Israel kills 62 people in overnight strikes
Palestinian Territories – AFP
Israel bombarded the southern Gaza Strip overnight, as US Secretary of State Antony Blinken prepared to travel to Egypt on Thursday for more talks aimed at containing Israel’s war on Gaza.
Hamas’s press office said early Thursday that 62 people had been killed in strikes overnight, including around Gaza’s main southern city of Khan Yunis.
In Deir al-Balah, also in central Gaza, people wounded in a strike at a nearby school were brought to the Al-Aqsa hospital.
“There are injured people at the school since last night, no cars or ambulances are reaching it — nothing,” Ramadan Darwit told AFP at the hospital.
Blinken was set to meet Egyptian President Abdel Fattah al-Sisi in Cairo, a day after talks with Palestinian Authority leader Mahmud Abbas, who “committed” to reforming the body to potentially reunite Gaza and the occupied West Bank under its leadership after the war, Blinken said.
The Middle East trip, his fourth aimed at preventing the conflict’s spread, coincided with a UN Security Council resolution on Wednesday demanding an “immediate” end to attacks in the Red Sea by Yemen’s Houthi rebels carried out in solidarity with Hamas.
It also comes as Israel was set to face accusations brought by South Africa at the UN’s top court on Thursday that it has committed “genocidal” acts in Gaza, charges both Israel and Blinken have dismissed as baseless.
– ‘Indescribable’ crisis –
UN aid chief Martin Griffiths posted on the social media platform X that Gaza’s health sector “is being slowly choked off”.
The World Health Organization called the humanitarian situation “indescribable”.
In the southern border town of Rafah, which has been overrun with displaced people fleeing Israeli attacks further north, former Gaza health ministry staffer Zaki Shaheen converted his shop into a makeshift clinic.
Shaheen said he had worked in emergency care “my whole life”.
“So we decided to open a medical department, and we got help from the health ministry,” he told AFP, noting the goal was to take pressure off of already-overburdened hospitals.
“We receive no less than 30 or 40 cases per day, morning to night.
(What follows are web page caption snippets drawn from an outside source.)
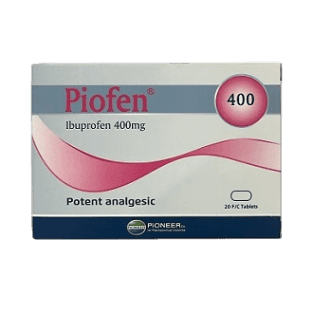 Piofen (Ibuprofen 400mg) Potent Analgesic 20 Film Coated Tablets _ PIONEER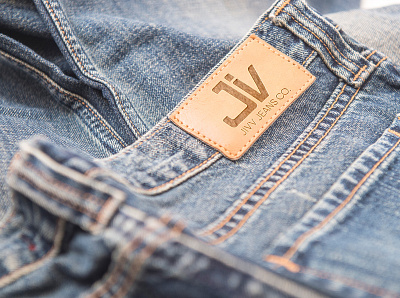 Jivv Jeans Label brand branding design fashion jean jeans logo visual identity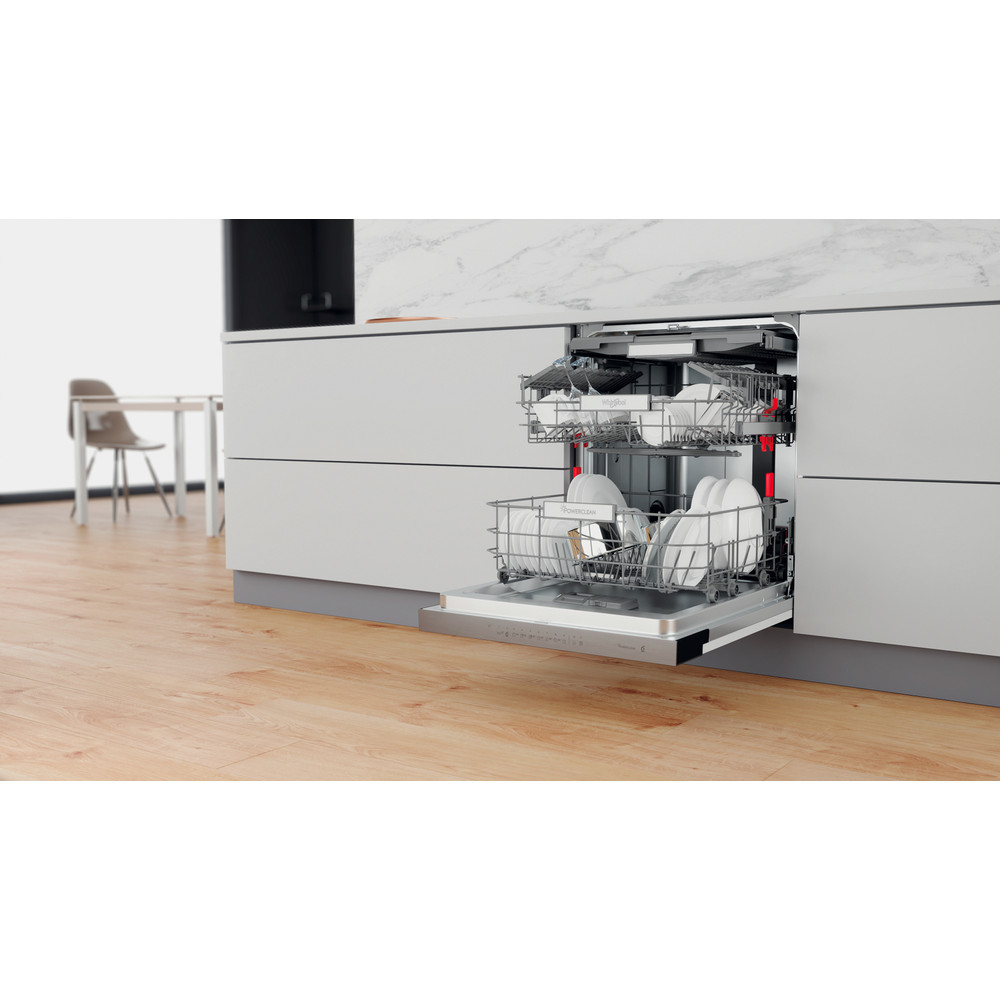 Whirlpool Umývačka riadu Vstavané WBO 3O33 PL X Half-integrated D Lifestyle perspective open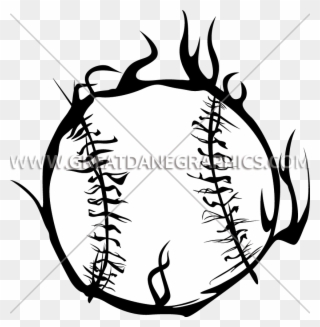 Baseball Production Ready Artwork Clipart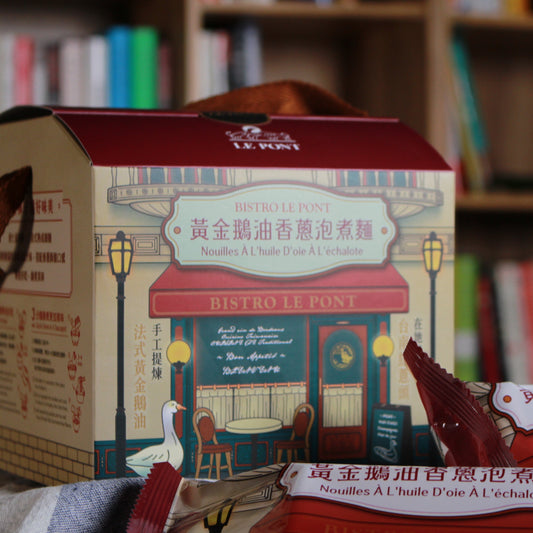 【樂朋】黃金鵝油香蔥泡煮麵(盒裝)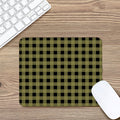 Olive Green Buffalo Check Pattern Print Mouse Pad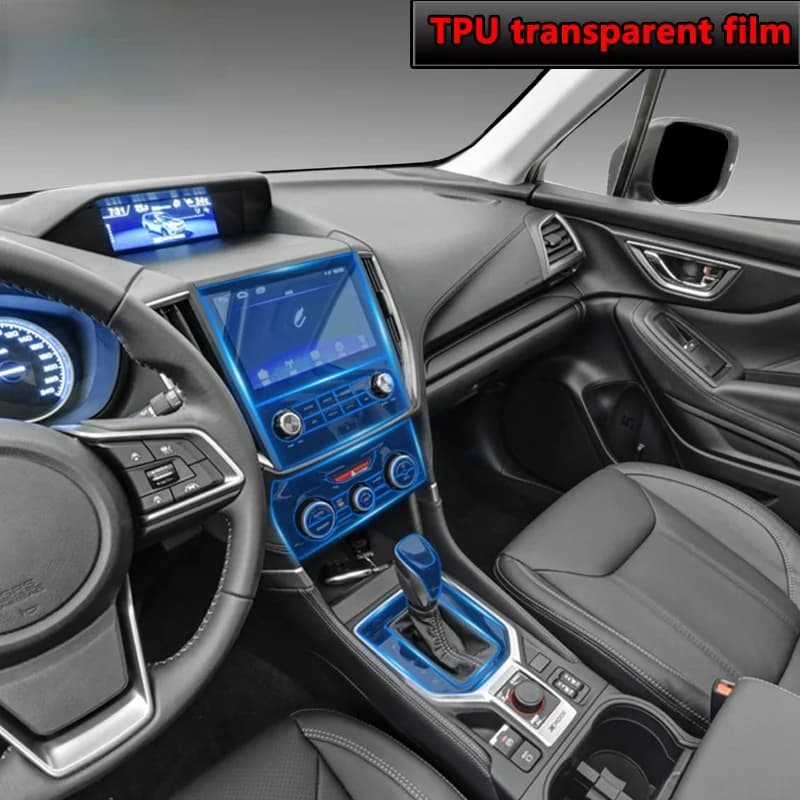 TPU Protective Film For Subaru Forester 2019-2020 Car Interior Center console Transparent Anti-scratch Repair film Accessories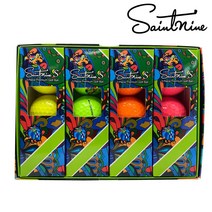 세인트나인 S 컬러볼 3피스 골프공 12개입, 단품, 12개, 12개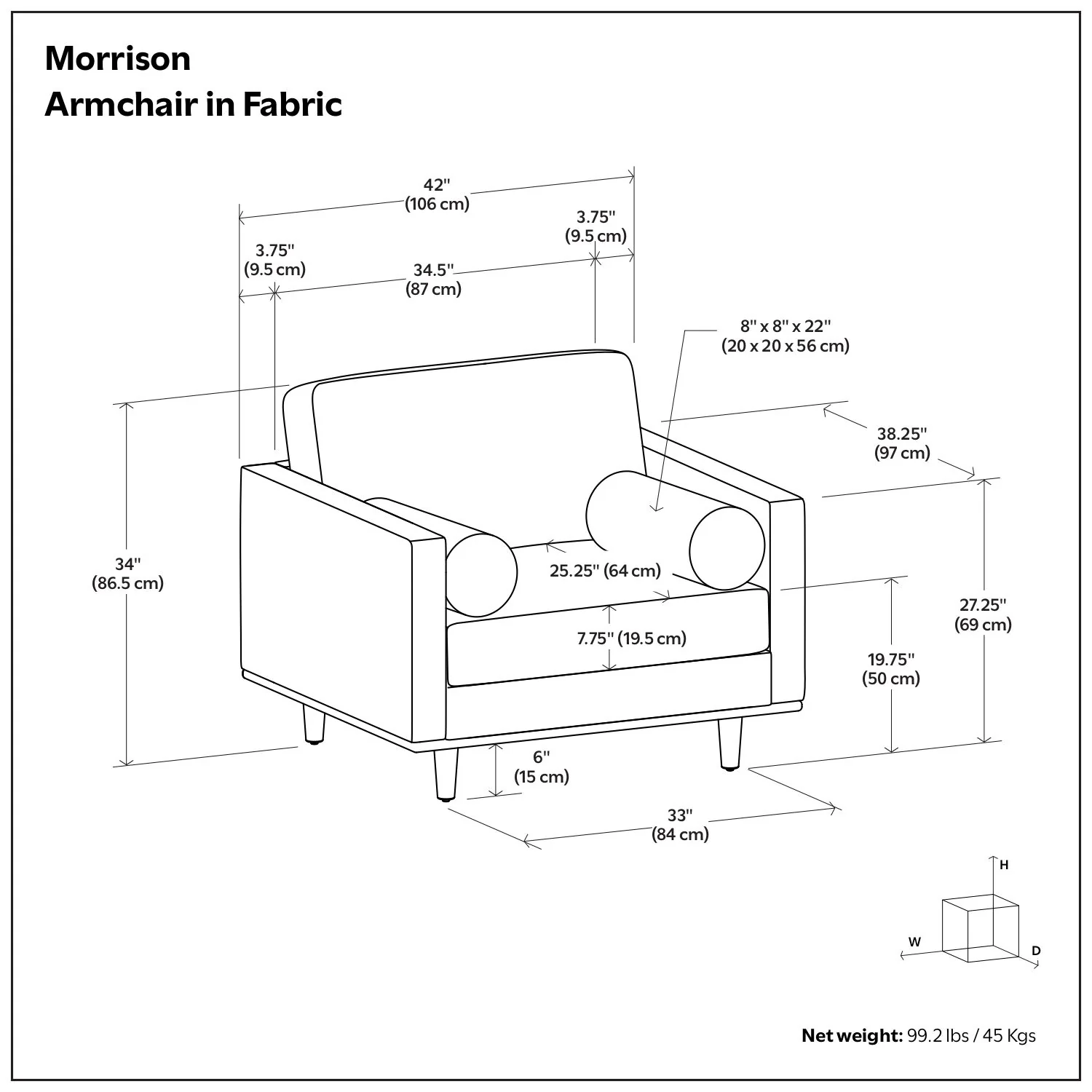 Morrison - Wide Arm Chair - Image 20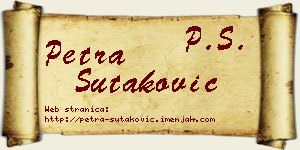 Petra Šutaković vizit kartica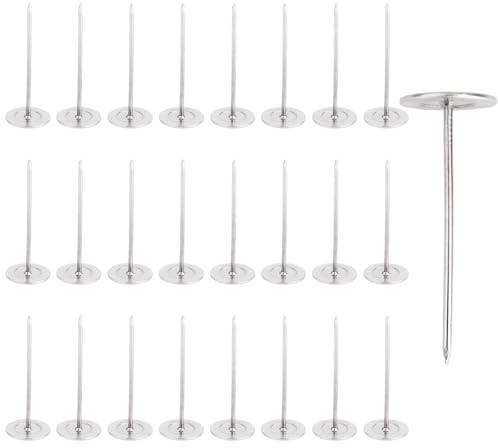 25 puntine lunghe per tappezzeria, 19 mm x 50 mm, chiodini per tappezzeria, grandi chiodi a testa piatta per mobili, decorazione per testiera del divano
I’ll be sleeping, then someone comes in with an injury or a burn, so we treat them.”
The United Nations estimates 1.9 million Gazans have been displaced inside the territory, which had already endured years of blockade and poverty.
Blinken sketched out a possible post-war future for Gaza after meeting Abbas and Bahrain’s King Hamad on Wednesday.
Blinken told Abbas that Washington supported “tangible steps” towards the creation of a Palestinian state — a long-term goal that Israeli Prime Minister Benjamin Netanyahu’s hard-right government has opposed.
In Bahrain, Blinken said Abbas was “committed” to reforming the Palestinian Authority “so that it can effectively take responsibility for Gaza, so that Gaza and the West Bank can be reunited under a Palestinian leadership”.